Comment faire face ? Vous l’aurez compris avec ce que j’ai noté plus haut : il est tout aussi bien possible de se retrouver seul aux commandes d’un bateau que de devoir faire équipe avec un ou deux autres joueurs. Faut-il se la jouer personnel, embarquer 3 de ses pions pour s’enfuir fissa, au risque de devenir la cible de tous les autres ? Ou bien est-il préférable de ménager ses rivaux, en partageant son embarcation avec d’autres ? C’est sûr que l’on réduit les risques de se faire attaquer, lorsqu’on se retrouve embarqué dans la même galère. Mais l’on risque alors de ne pas avoir le temps de sauver tout le monde.
Parce que mine de rien, The Island est une course : le temps presse, l’île s’écroule inexorablement, ce qui nous rapproche de la fin de la partie. Une fois le volcan présent sous une des tuiles montagne retourné, c’est terminé. Ne reste plus qu’à compter le nombre de points cumulés par les explorateurs que chacun aura réussi à sauver.

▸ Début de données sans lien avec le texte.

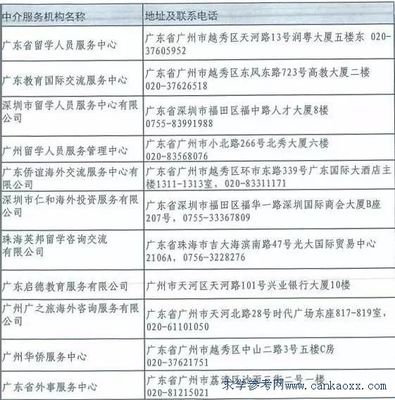 自費出國留學中介的選擇與注意事項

Croyez-moi, cela n’aura rien d’une paisible croisière ! C’est que les pions tombent comme des mouches ici-bas ! N’espérez pas réussir à tous les sauver, cela n’arrivera pas. Entre les créatures et les tourbillons, on assiste à chaque partie à une hécatombe. Au point qu’il arrive parfois qu’un joueur n’ai plus aucun personnage en jeu avant la fin. Ce qui ne l’empêchera pas de continuer à participer : il retirera tout de même un morceau d’île, et lancera toujours le dé. Tenez, devinez ce qu’il se passe lorsqu’une personne envoie un pion à l’eau en retirant une tuile qui fait aussitôt apparaître un requin ? Bingo, le squale dévore immédiatement le pauvre nageur malchanceux. Douce cruauté, terrible infamie.
Au fait, vous avez encore des explorateurs en mer ou sur les restes de l’île au moment où le volcan apparaît ? Mince, pas de bol, ils ne survivront pas à l’éruption. C’est ainsi, seuls les rescapés ayant réussi à atteindre un des angles avant la fin compteront. La vie est dure en ces eaux troubles.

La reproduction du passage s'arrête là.